Comps ended up rising 4%, with growth occurring at each of the retailer's four banners. The biggest gains came from its international segment, where sales bounced 6%. Yet TJX Companies also saw significant growth in its core Marshalls and T.J. Maxx businesses in the U.S., where sales rose 4% on top of a 9% spike a year ago. Net sales rose 7%, with a bit more help coming from a rising store base. TJX Companies operated 4,519 locations at the end of the quarter, translating into 100 additions during the period .

"We are extremely pleased with our strong performance," CEO Ernie Herrman said in a press release. "We are especially pleased that [each retailing division] delivered a sequential increase in their comp store sales growth."

A solid inventory position

TJX's financial results back up management's claim back in August that its army of merchandise buyers was finding plenty of opportunities to stock up on quality inventory. Gross profit margin held steady at 29% of sales, and management also kept a lid on selling expenses. As a result, operating margin was unchanged at 11% of sales.

These healthy financial results gave management plenty of resources it could direct toward growth initiatives while also returning cash to shareholders.

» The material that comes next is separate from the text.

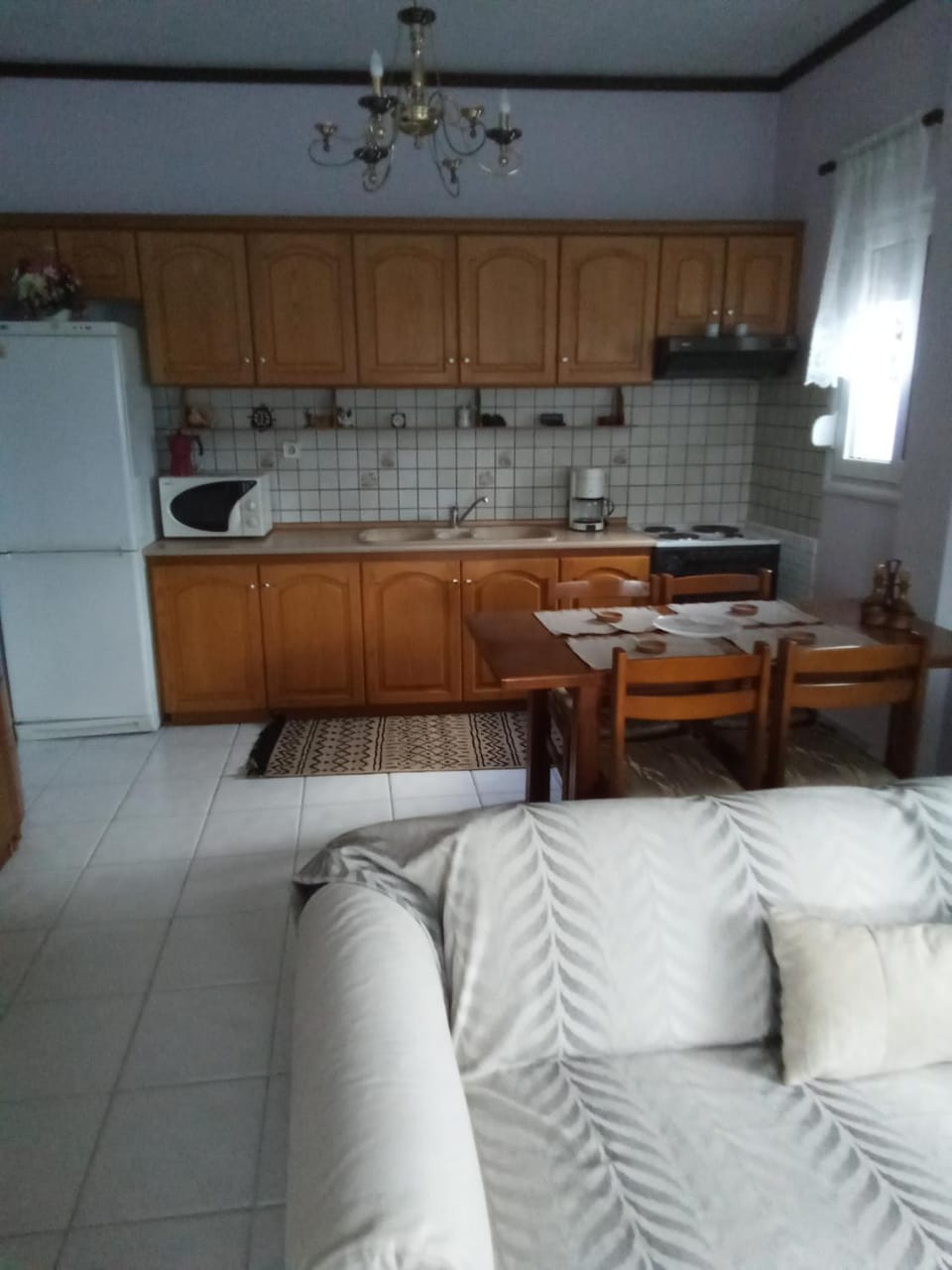 Kitchen or kitchenette, Living room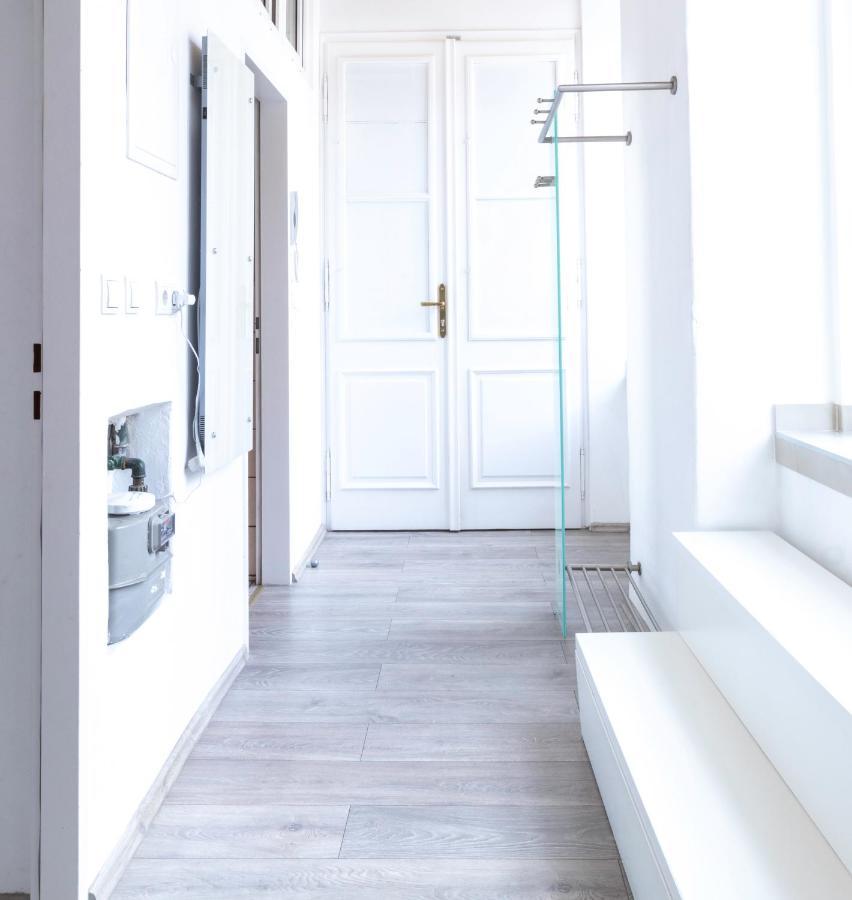 New & Central Marzstrasse City Apartment With Own Exit To The Inner Garden Vienna Exterior photo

To that end, TJX Companies spent $778 million on stock repurchases and dividends.

Looking to the holidays

The improving demand trends persuaded management to issue a more aggressive outlook for the fourth quarter and the broader 2019 year. Herrman and his team still see comps rising by about 3% in the core Marshalls and T.J. Maxx brands this year, but the earnings outlook is brightening. Profits should now climb to between $2.61 and $2.63 per share, translating into an 8% increase year over year.

Management sounded confident about the discounted inventory that it hopes to acquire to keep customers streaming into its stores during the holidays. "The company is well positioned to take advantage of the fantastic buying opportunities it sees in the marketplace," executives said.

Investors don't merely have to take management's word, here, though. TJX's streak of 21 consecutive quarters of growth is strong evidence that the retailer's sourcing approach can work through a wide range of industry conditions, including the upcoming holiday season.